Breaking Down Credit
Credit has been acknowledged as the driving force of an economy, making it possible for people to spend actively. With credit, you have an idea of the amount of money that you are able to borrow. This means that you can make purchases, even when you do not have all the money readily available to you. Credit is often provided on a credit card, and it gives the owner of the card the chance to pay for a purchase using money that they do not have in the moment. This money then needs to be paid back later with installments that are split over time. When borrowing money in this way, you do not have an unlimited amount that you can use. Instead the financial institution that is offering you credit will set the total amount that you are able to borrow, or what is also known as your credit limit.
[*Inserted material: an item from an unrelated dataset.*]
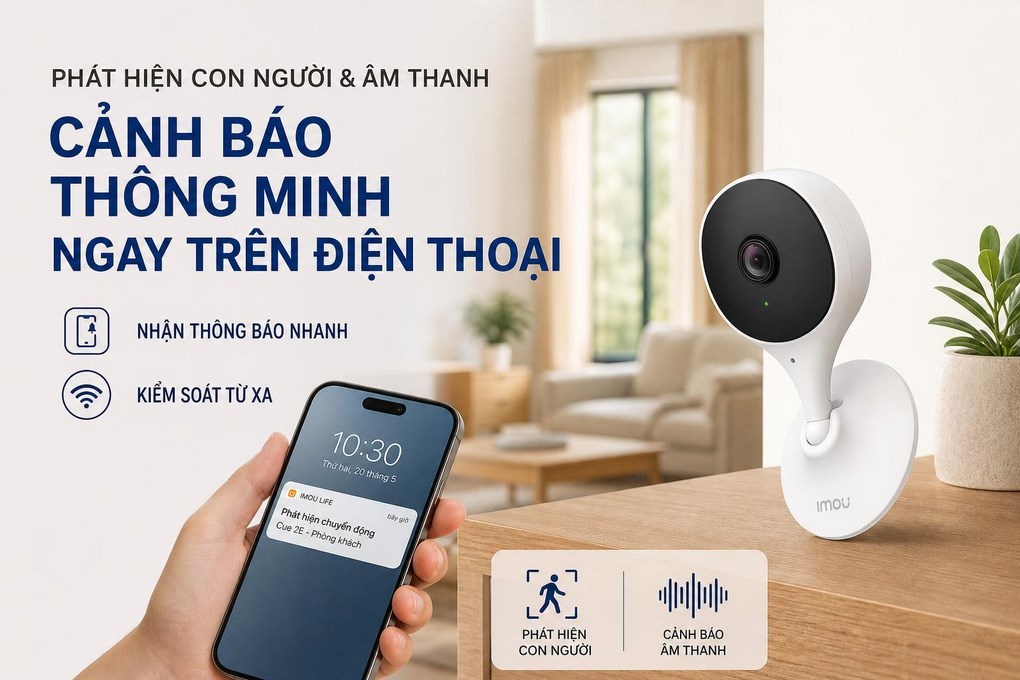 Camera IP 3 MP IMOU Cue 2E C32SP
To manage your credit, then you need to ensure that you do not spend in excess of what you can afford to pay back on a monthly basis.
In the event that you have borrowed some money, you may need some time in order to ensure that it is paid back in full. When you have the money that has been borrowed or have used it without paying back, then this is known as debt. It is directly related to credit in an interesting way. For example, in the event that you have $500 credit, then you will also have $500 or more debt depending on the interest rates. When you start paying back the amount that you have in credit, then your debt amount will go down. The issues with debt arise when you take out way more credit that you are able to afford to pay back, and at this point, it is said that you are in debt.
When you look at is from the eyes of a novice in finance, you may be tempted to believe that credit is good, while having any debt is bad. There are instances when debt is good and reveals that you can be responsible with money. For example, when you have a well-serviced business loan, it is debt that can show your ability to manage your finances. What you need to understand is that credit and debt do not work without each other. However, in some instances, it is possible to have credit and have no debt.
It is possible to find a workable balance between the two, and that requires you to analyze your income stream and make sure that you do not miss any payments that are due on your credit cards. Furthermore, you should ensure that all the money you need to require back is able to fit well into your monthly budget.